* Record set:
★ ★ ★

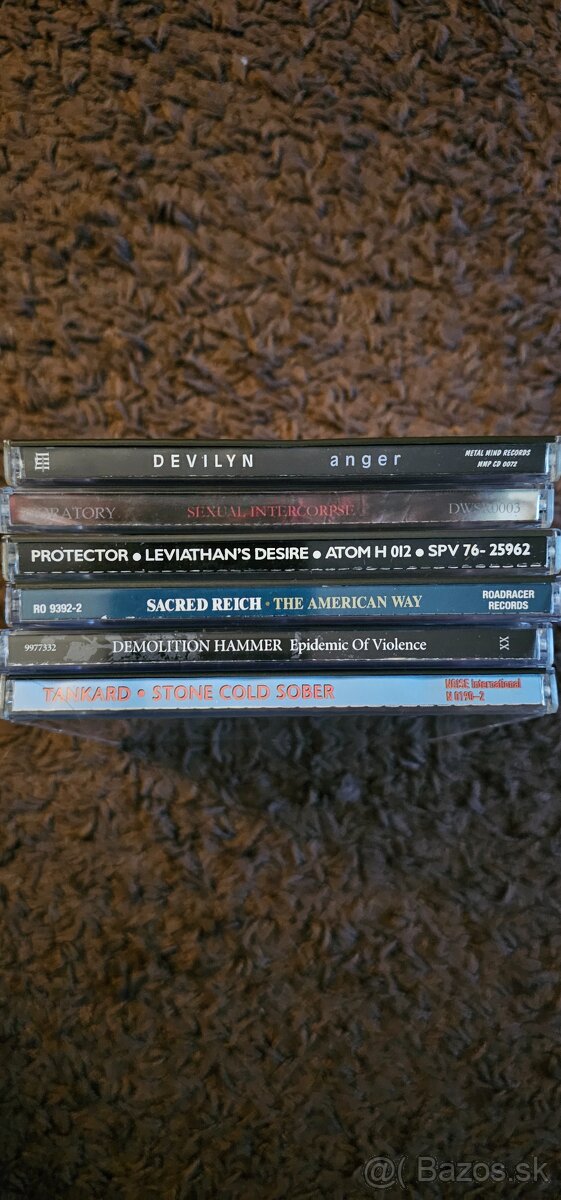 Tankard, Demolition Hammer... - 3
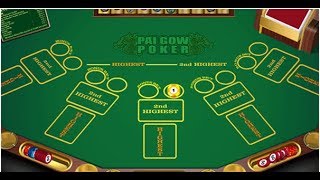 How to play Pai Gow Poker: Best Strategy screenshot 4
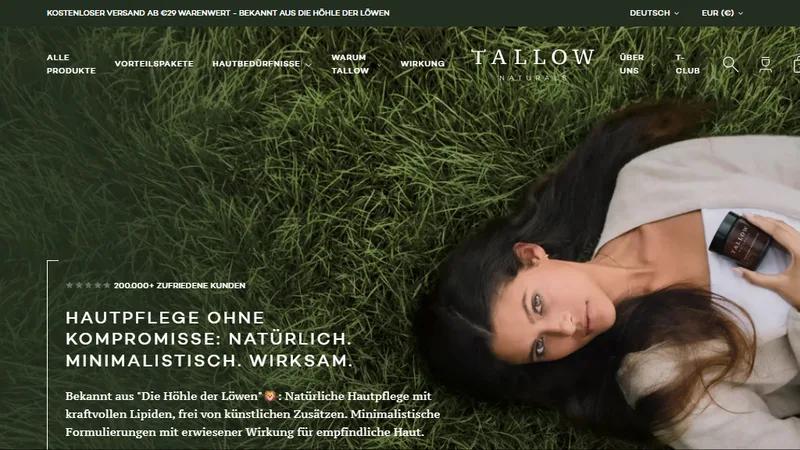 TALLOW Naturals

★ ★ ★

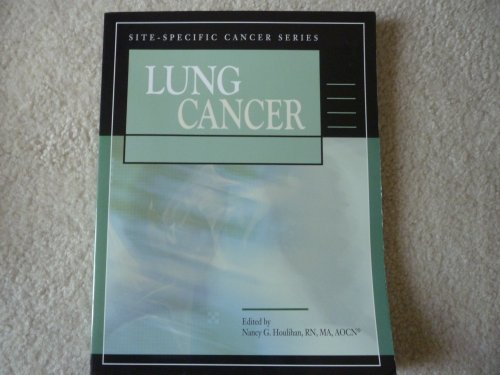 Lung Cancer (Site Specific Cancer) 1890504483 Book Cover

★ ★ ★

* What is needed:
Above is the material; set down exactly its lines from the one containing "How to play" down to the one containing "TALLOW Naturals", both included, leaving out any pictures.

* Completed exercise:
 How to play Pai Gow Poker: Best Strategy screenshot 4
 TALLOW Naturals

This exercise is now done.